Of course that $500 machine, while surprisingly capable for basic computer tasks, is certainly not the paragon for gaming, graphics, or raw computing power. As you move up the price scale you gain in all of those parameters. We started to beef up those areas in the bargain systems and reached prices closer to $1000. The next ladder rung is broadly defined as midrange. Most of our readers are looking to buy in the midrange category, which generally provides the most performance for the dollar and computing solutions with some staying power in the market.

Midrange can start as low as $1000 and extend all the way up to around $2000, which gives a lot of flexibility in terms of choosing components. In this era of declining prices and increasing value, the midrange also covers a wider area than in the past - just as we saw in the under $1000 segment.

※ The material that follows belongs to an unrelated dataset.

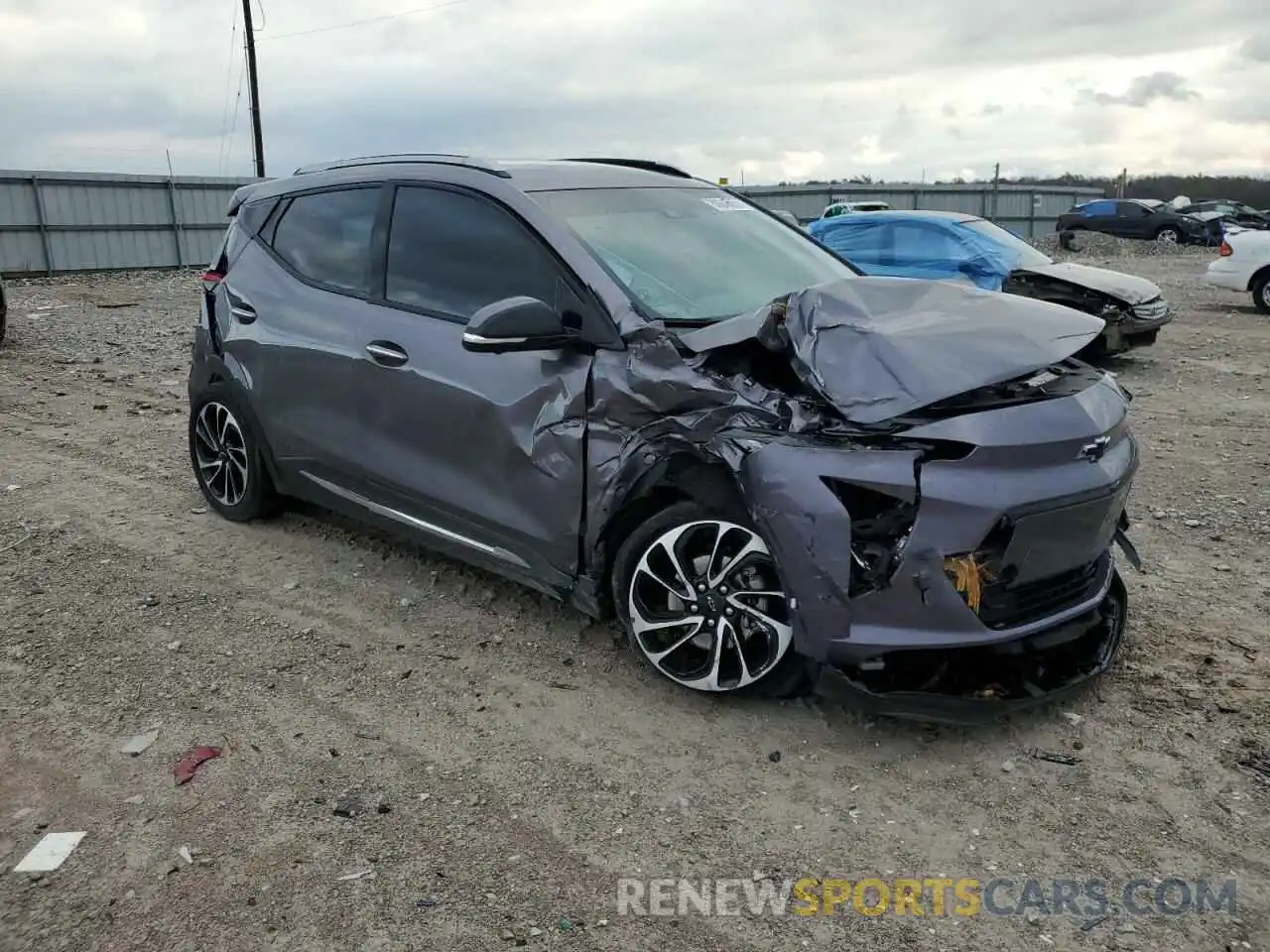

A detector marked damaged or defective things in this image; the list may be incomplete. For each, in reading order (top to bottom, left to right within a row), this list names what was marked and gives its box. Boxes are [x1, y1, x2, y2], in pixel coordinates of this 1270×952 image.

crumpled hood [675, 275, 1102, 423]
crumpled hood [1016, 261, 1163, 305]
damaged gray car [188, 159, 1143, 721]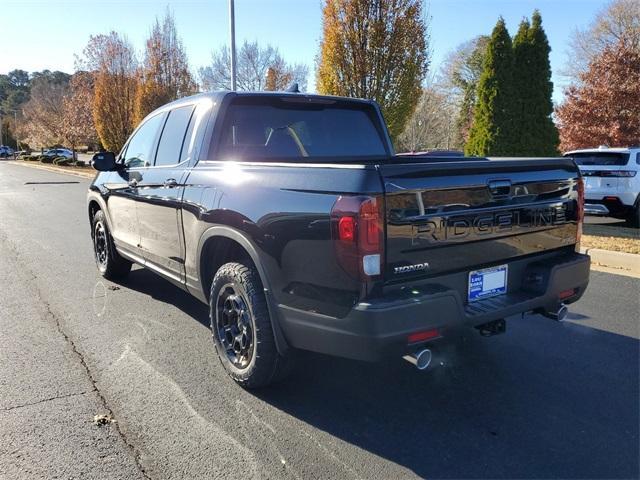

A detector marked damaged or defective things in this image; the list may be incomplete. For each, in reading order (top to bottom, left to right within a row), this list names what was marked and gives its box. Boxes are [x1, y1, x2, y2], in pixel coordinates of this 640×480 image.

Our budget systems near $1000 were really representative of what we might have called midrange in the past. Similarly, our $2000 system is closer to what may have been defined as high-end in earlier guides.

It's fair to ask, then, why we haven't tossed the price classes for our guides and defined new ones. That option was considered, but the fact remains that high-end prices have not declined like midrange and entry prices. New architectures have also been recently introduced at the high-end, so the definition of high and mid are shifting as the Intel Core i7 and Phenom II move into our computing space. We are already seeing a few X58 boards that will be selling for around $200, which would allow a decent Core i7 build at around $2000. Similarly, you can build a very capable Phenom II box for that same $2000.

For today's Midrange Systems Guide we will put together two Intel systems and two AMD systems. The first pair are targeted for a complete system price of around $1500 - without monitor and OS that would be somewhere around $1200. This segment targets the best value possible with each component giving the overall best-bang-for-the buck in the midrange.

The second pair of systems target Midrange Performance. At about $500 more than Value Midrange, these $2000 complete systems invest that extra $500 in performance improvements. Without the 24" monitors and OS, the Performance Midrange systems would cost around $1600. The Midrange Performance segment is built around a powerful Intel Core i7 CPU or the fastest Phenom II you can currently buy. Both are very high performance for the money - and high performance by almost any other measure.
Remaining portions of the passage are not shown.